Search code examples
mysqlfull-text-indexing

What does the term "Stopword" mean in MySQL?


I'm currently studying about MySQL command and got stuck at using the "MATCH...AGAINST" command on FULLTEXT index. It returns an "empty set" when it's against a "stopword"(which is "and" in my case).

Here's what I did. The database I'm working on contains a list of books and their author. I'm trying to select the entries that contain "and" in their title. Here's a list in my 'classics' table.

+--------------------+------------------------------+
| author             | title                        |
+--------------------+------------------------------+
| Mark Twain         | The Adventures of Tom Sawyer |
| Jane Austen        | Pride and Prejudice          |
| Charles Darwin     | The Origin of Species        |
| Charles Dickens    | The Old Curiosity Shop       |
| William Shakespear | Romeo and Juliet             |
+--------------------+------------------------------+

This is the code I've written

SELECT author, title FROM classics
WHERE MATCH(author, title) AGAINST('and');

Empty set (0.00 sec)

The result in my expectation was "Pride and Prejudice" and "Romeo and Juliet" instead of "Empty set (0.00 sec)". I now realized that "and" is a stopword.

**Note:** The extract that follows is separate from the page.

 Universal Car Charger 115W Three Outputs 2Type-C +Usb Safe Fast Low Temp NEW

My question is What does the "stopword" mean and how do I know which word is a stopword? And what should I do if I really want to select the query which contains "and" in its title?


Solution

  • My question is What does the "stopword" mean ...

    A stopword is a word that will be ignored when given as a keyword in a full-text search.

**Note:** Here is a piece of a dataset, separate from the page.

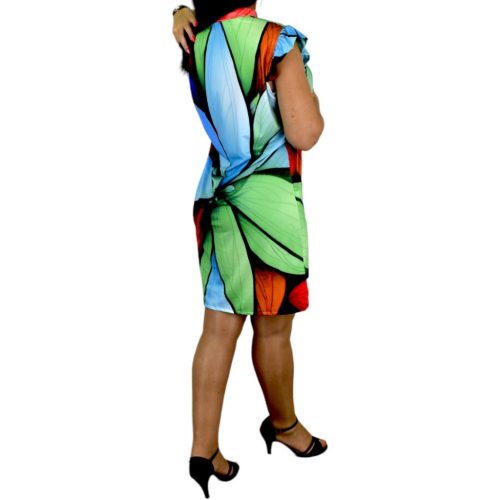 Oti nyaknál megkötős levél mintás ruha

    For more information read the Wikipedia page on stopwords.

    MySQL uses the term in a way that is consistent with the normal definition.

    ... and how do I know which word is a stopword?

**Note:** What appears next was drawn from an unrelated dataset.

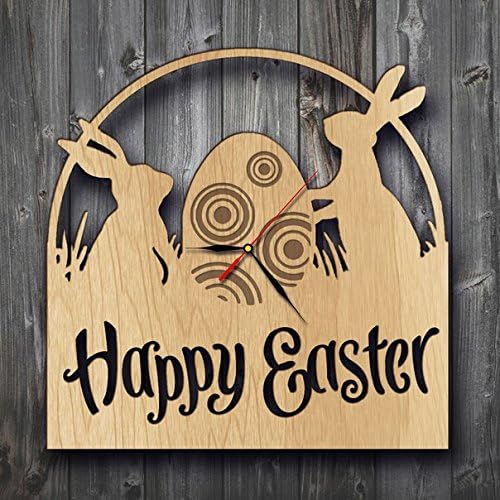 Easter Bunny Happy Holidays Wall Clock - Decorate your home with Modern Easter Egg Art - Best gift for friend, family, mom and dad - Win a prize for feedback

    For InnoDB tables you can query the INFORMATION_SCHEMA.INNODB_FT_DEFAULT_STOPWORD table.

    For MyISAM search indexes, the stopwords are loaded from a file. It may be possible to read the file at runtime using Java file I/O, but it apparently can't be accessed via a database query.

    And what should I do if I really want to select the query which contains "and" in its title?

    The MySQL documentation explains how to do it; see Section 12.9.4 Full-Text Stopwords. (There is too much detail to copy it here.)

    My reading is that you need to make configuration changes and restart the database server to change the stopwords. For InnoDB tables you also need to regenerate the table's full-text index.

    That means that you cannot change the stopwords for each query ... if that is what you are aiming to do. But you could explicitly query for a stopword using LIKE; e.g.

    SELECT author, title FROM classics
    WHERE title LIKE '% and %';
    

    That query would probably entail a table scan, so you want to avoid it if possible.